• [About this task]:
The answer must consist only of the lines in the records below from the line with "vidaXL Set de" to the line with "Undangan Menteri Desa", both included, copied word for word with every picture left out.

• [Information]:
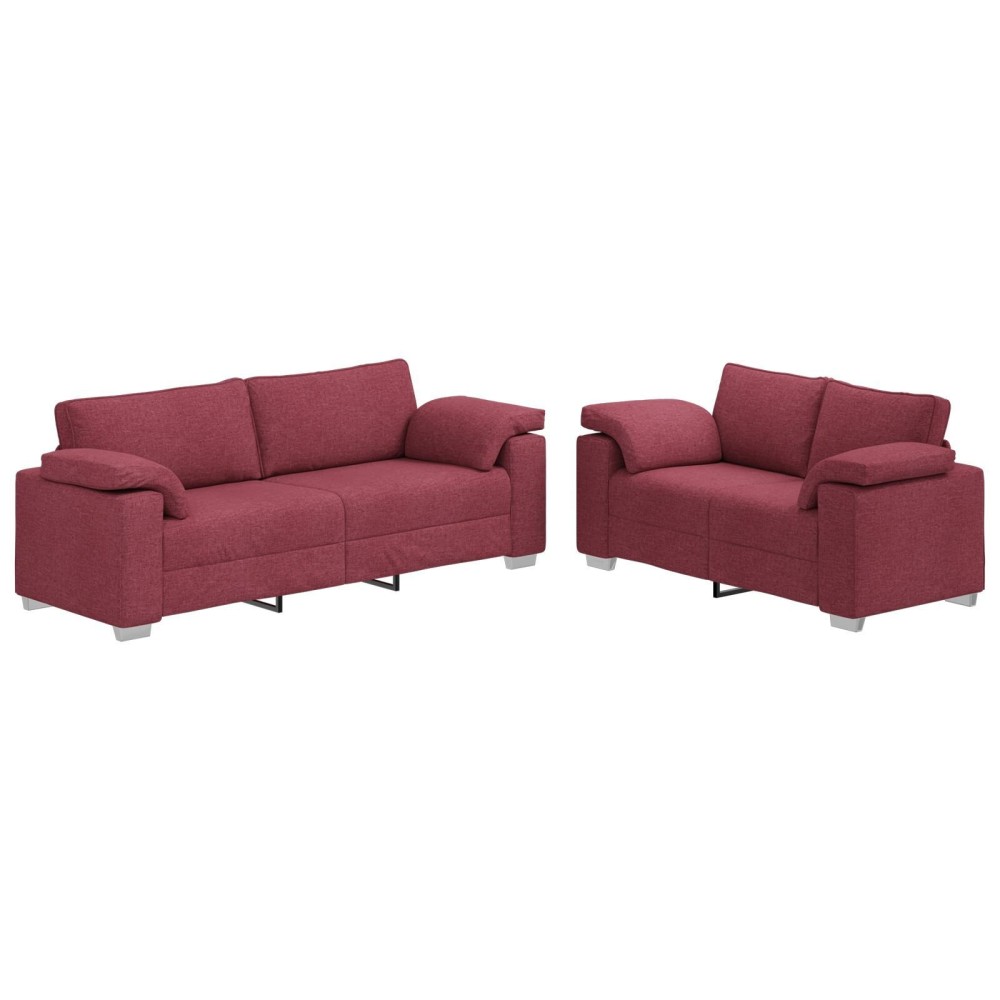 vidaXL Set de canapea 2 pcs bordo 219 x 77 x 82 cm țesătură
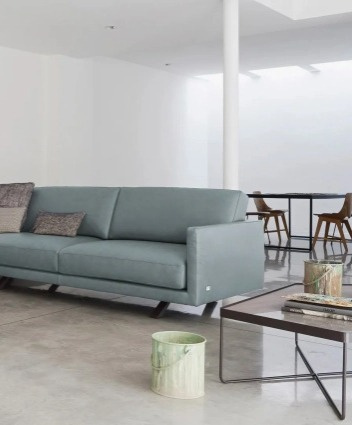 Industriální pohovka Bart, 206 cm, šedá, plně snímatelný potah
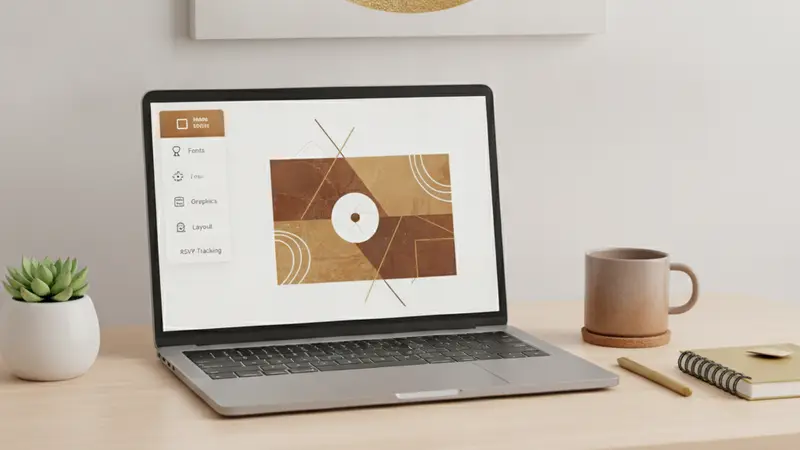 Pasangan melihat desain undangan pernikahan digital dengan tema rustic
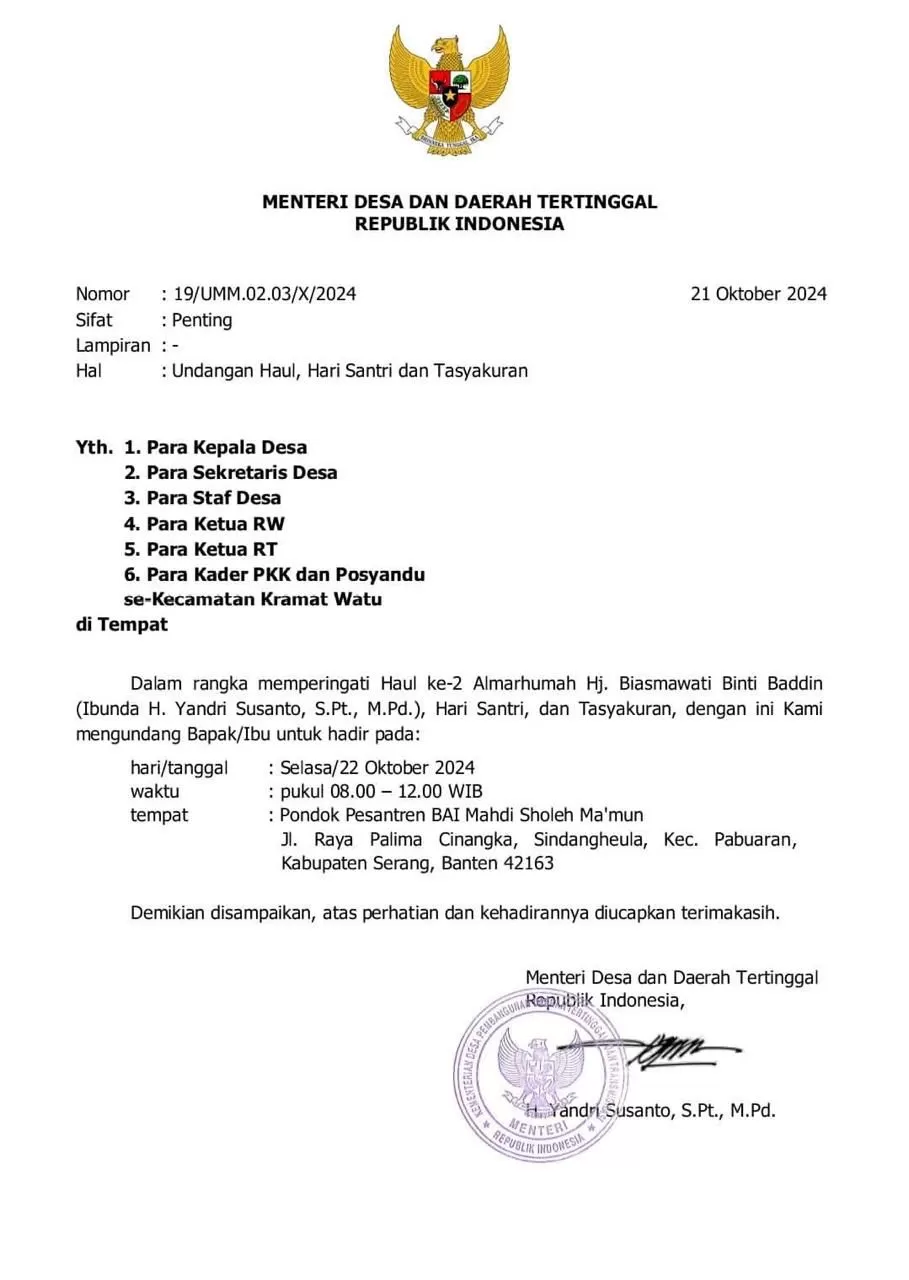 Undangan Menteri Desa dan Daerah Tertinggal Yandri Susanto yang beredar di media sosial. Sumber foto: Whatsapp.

---

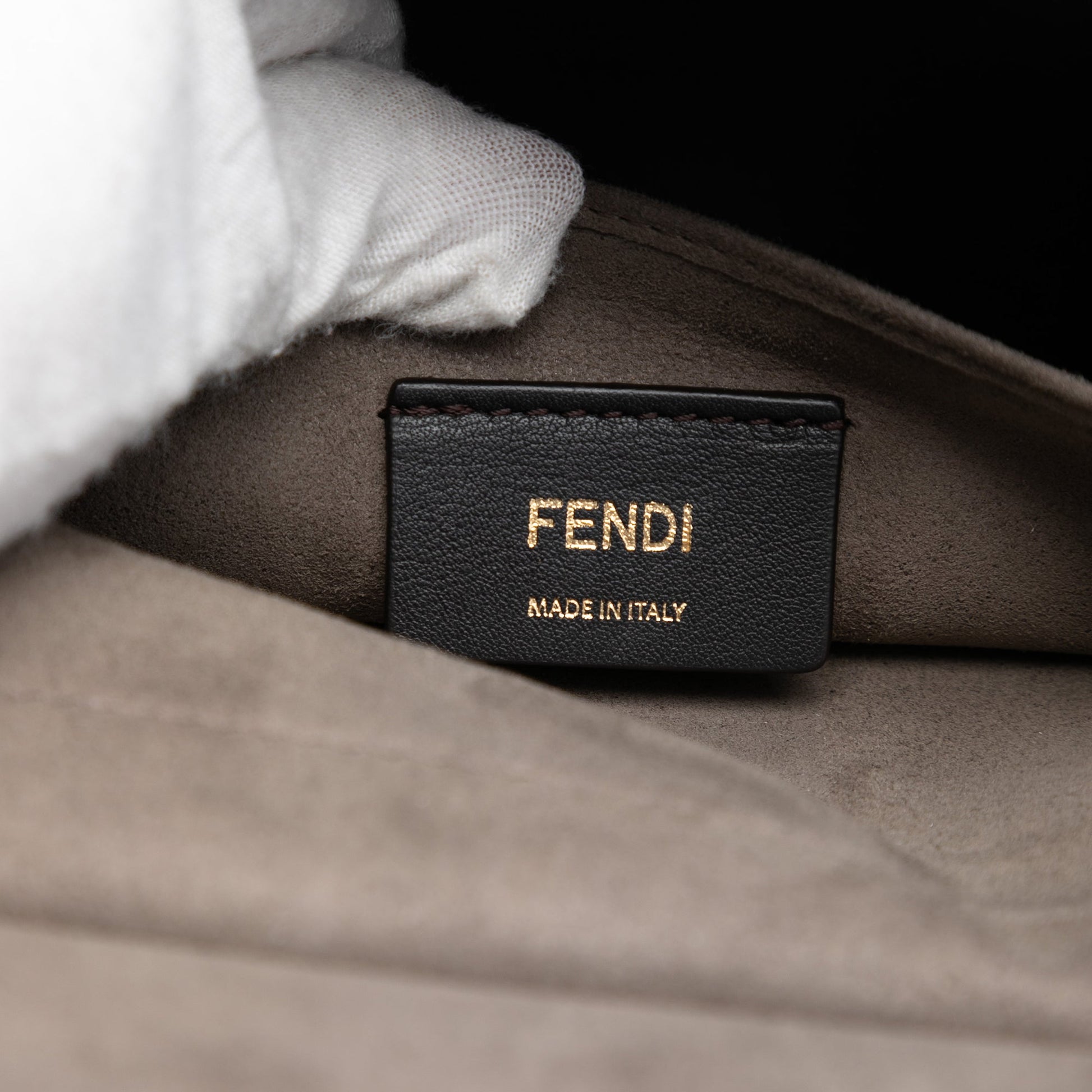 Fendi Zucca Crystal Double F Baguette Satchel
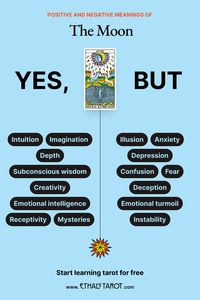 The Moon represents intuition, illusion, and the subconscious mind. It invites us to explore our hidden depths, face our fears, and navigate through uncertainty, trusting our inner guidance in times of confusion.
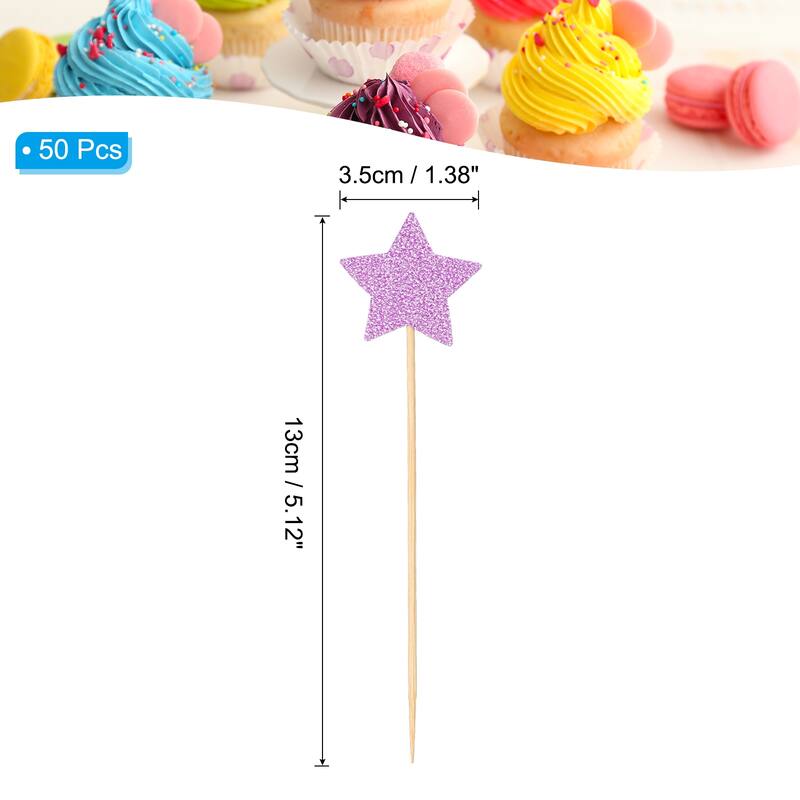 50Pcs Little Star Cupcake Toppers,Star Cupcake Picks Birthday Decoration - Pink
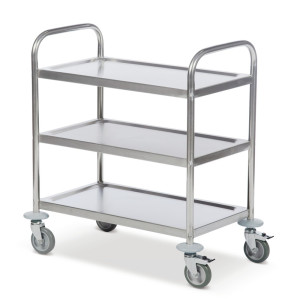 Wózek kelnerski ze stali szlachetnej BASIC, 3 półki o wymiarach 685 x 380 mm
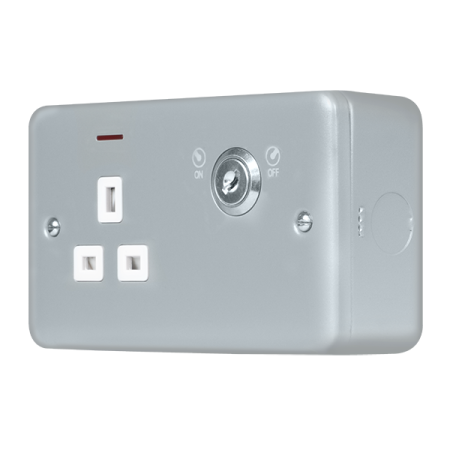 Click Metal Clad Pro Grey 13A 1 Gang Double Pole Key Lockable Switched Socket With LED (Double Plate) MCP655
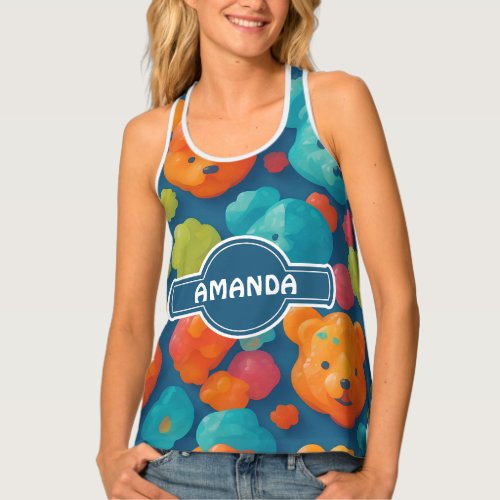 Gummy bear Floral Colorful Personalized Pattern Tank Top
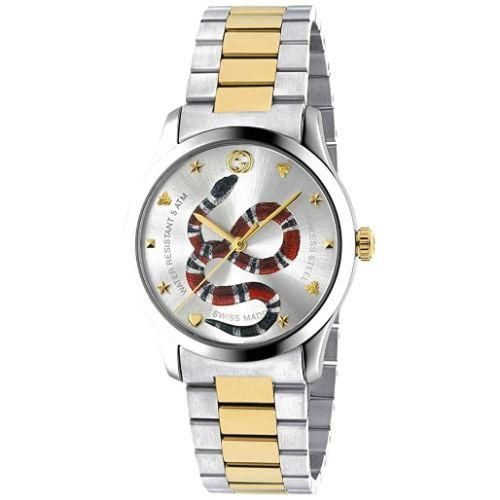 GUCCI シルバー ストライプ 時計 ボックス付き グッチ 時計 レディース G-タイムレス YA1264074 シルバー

* * *

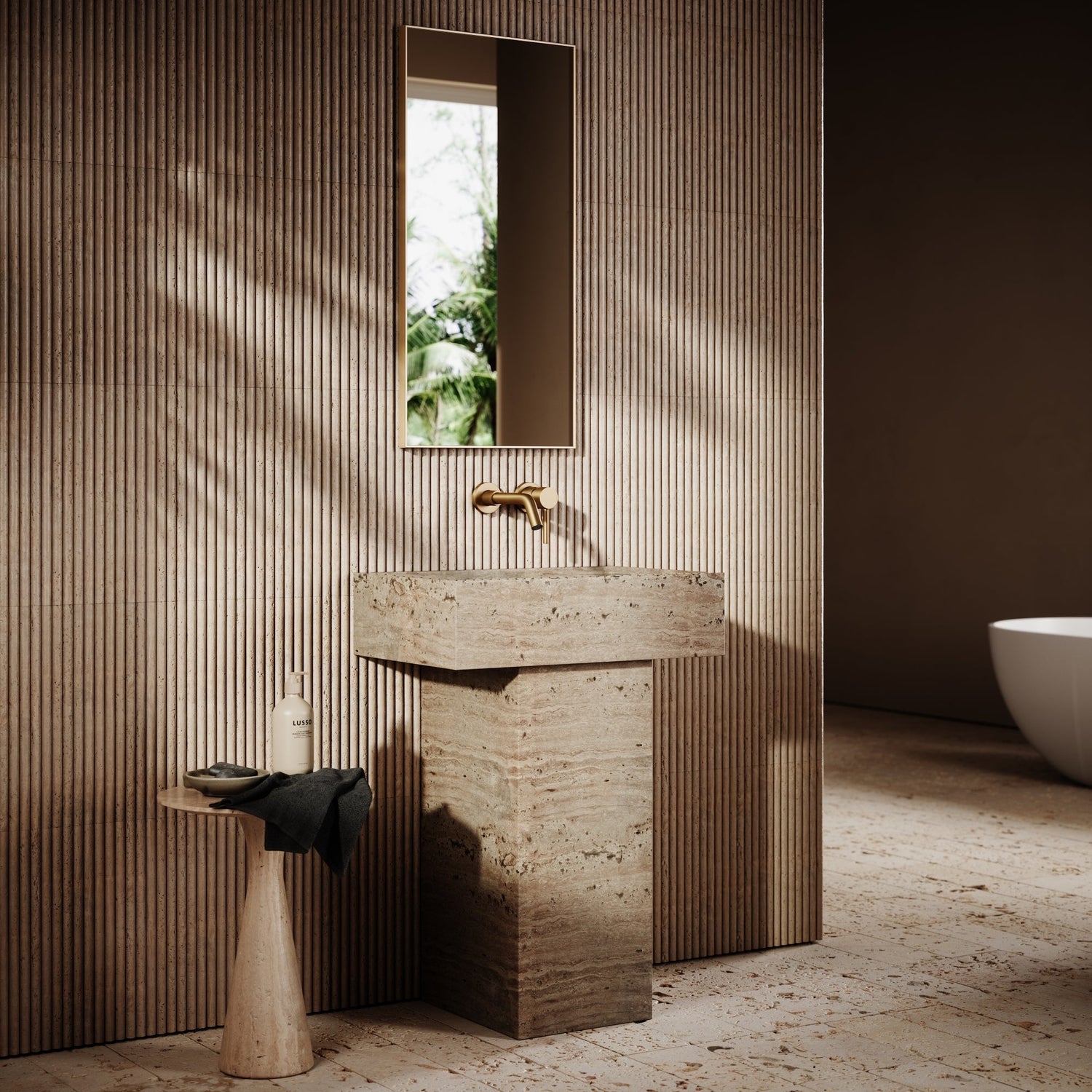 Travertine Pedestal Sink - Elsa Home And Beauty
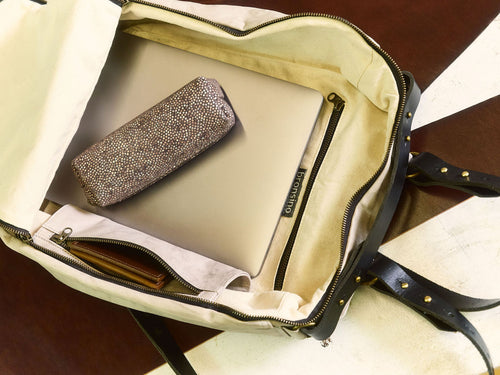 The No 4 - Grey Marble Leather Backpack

• [Result of the exercise]:
 vidaXL Set de canapea 2 pcs bordo 219 x 77 x 82 cm țesătură
 Industriální pohovka Bart, 206 cm, šedá, plně snímatelný potah
 Pasangan melihat desain undangan pernikahan digital dengan tema rustic
 Undangan Menteri Desa dan Daerah Tertinggal Yandri Susanto yang beredar di media sosial. Sumber foto: Whatsapp.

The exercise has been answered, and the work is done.